The LC5 chairperson of Kiryandongo, Ms Edith Aliguma Adyeri, has saidnland dispute has impacted on people’s lives, dignity and children’s education in the district.

Just like other parts of Uganda, conflicts over land in Kiryandongo arise when individuals – who often are blood relatives – compete for use of the same parcel of land or when members of the community lay claim over ownership of unutilised government land.

Ms Adyeri further said land and environmental rights affect people both directly and indirectly, “and we are not hearing it from afar. It is already together with us [here], it has already affected us!”

She was speaking at a meeting which sought to discuss alternative remedies to salvage the appalling land and environmental rights situation in Kiryandongo at the district headquarters on Thursday.

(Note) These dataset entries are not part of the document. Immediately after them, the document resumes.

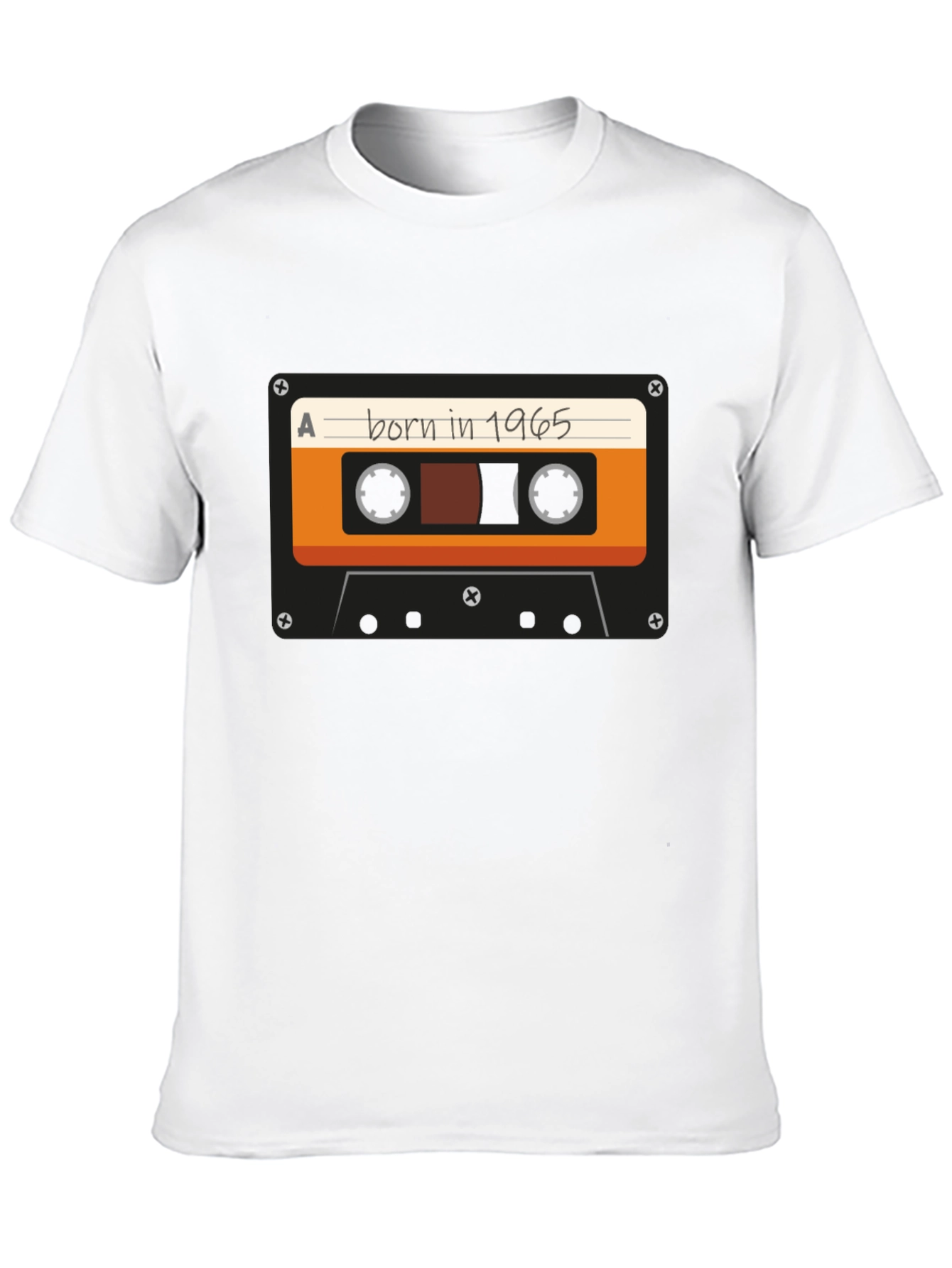 Born in 1965 Cassette Graphic T-Shirt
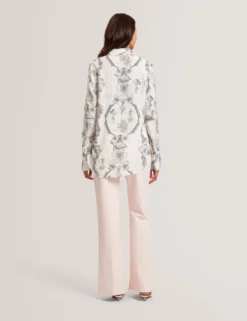 Nottingham Lace Print Longline Shirt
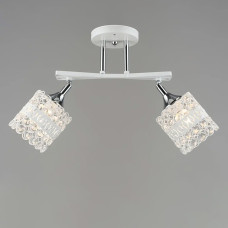 Люстра стельова Light House SR-20749/2 WT+CR L560*W120*H270 білий + хром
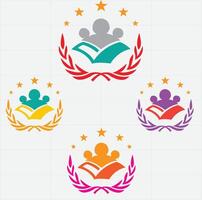 Open book icon pictogram set illustration vector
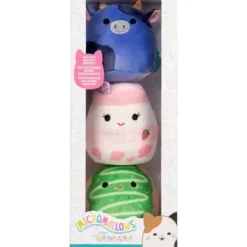 Micromallows pluche 6,5cm 3 pack Ingred, Amelie Daisuke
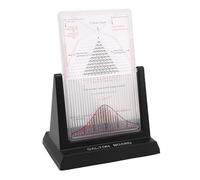 Yosoo Health Gear Demostrador de Probabilidad, Modelo de Distribución Normal Ayuda para la Enseñanza de Física con 2800 Cuentas de Metal, para Uso en Educación Científica en el Au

The one-day dialogue was aimed at reflecting on the plight of land and environmental rights defenders, local and indigenous communities and the role of responsible land-based investments in protecting people and the planet.

It was attended by private companies, members of civil society and local government officials and organised by Witness Radio – an advocate for land and environmental rights in Uganda – in partnership with Oxfam, and Kiryandongo District leadership.

“Some people have even died, families are broken up, and brothers are not seeing eye-to-eye because of land rights. Access to justice is equally becoming very difficult because when you hire one lawyer that
lawyer will talk to learned friends, and they agree. They leave you in suspense,” Ms Adyeri said.

According to her, some children have not accessed education because of land and environmental rights.

Mr Jonathan Akweteireho, the deputy Resident District Commissioner of Kiryandongo, said enlightened people especially should be sensitive to the historical injustice of this area.

“We can never handle the Bonyoro land question without thinking about that history. It will be an injustice to the incomers, to the government and to the leaders who don’t understand,” he said.

“We had 38 ranches here which on the guidance of these international organisations, especially the World Bank, the government restructured them, allowing people to settle there, they were never given titles and up to today, there are big problems in all those ranches,” he added.

Mr Jeff Wokulira Ssebaggala, the executive director of Witness Radio, said that a well-functional land sector supports land users or holders and investors, reduces inefficiencies and provides mechanisms to resolve land disputes.

Mr David Kyategeka, the secretary to the Kiryandongo District Land Board, said the issue of land rights is very clear but the major challenge has been sensitising the locals to know what rights he or she expects to enjoy out of this very important resource.